Has anyone else come across similar problems??
Bibz - I have some Humphries on my tree. The tree is stored on genesreunited - let me know if you’d like to see it. Either on genes site (maiden name) or facebook (married name).
I did not realize my Lewington family dissappeared until I tripped over a divorce petition. Married 1850 in Islington, London son born 1851. Another child born 1854. The 1882 divorce petition stated she and her husband had lived “at Hornsey Road Islington Middlesex at New York and other places in the United States of America at No 3 Smiths Place Kennington Lane..”. Sure enough William Ester and infant son arrived in New York January 1852! Need to find their return trip!

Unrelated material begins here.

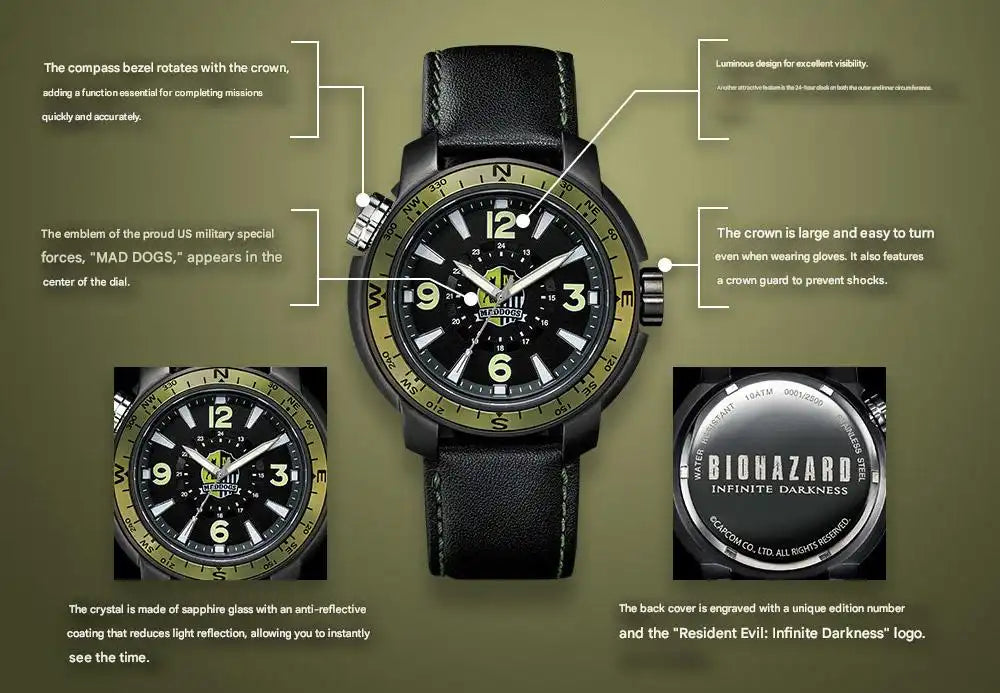 Resident Evil: Infinite Darkness MAD DOGS US Special Forces Military Watch - The Japanese Factory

Locating children on the census is the best way of finding the family if you do not find the parents. Researching for the adults in the 1881 Census was a blank but when I looked for the children they were living with their re-married grandmother (different name) but all other details were correct and I found their step grandfather. I think the parents were in Malta, as that is where the next child was born.
I found Harry Skillings transcribed as Harry. S. Killings and Pounds transcribed as Rounds.
Robert
I would go for the mis-transcription. I have had two.
One grandparents (Bennett) found in both 1891 and 1911 and missing on 1901 on Ancestry found on Findmypast site. Using the address I then found them on Ancestry and can only say the transcriber was having a bad day.
The second one is a spelling varient of Shields/Sheilds (Scottish census).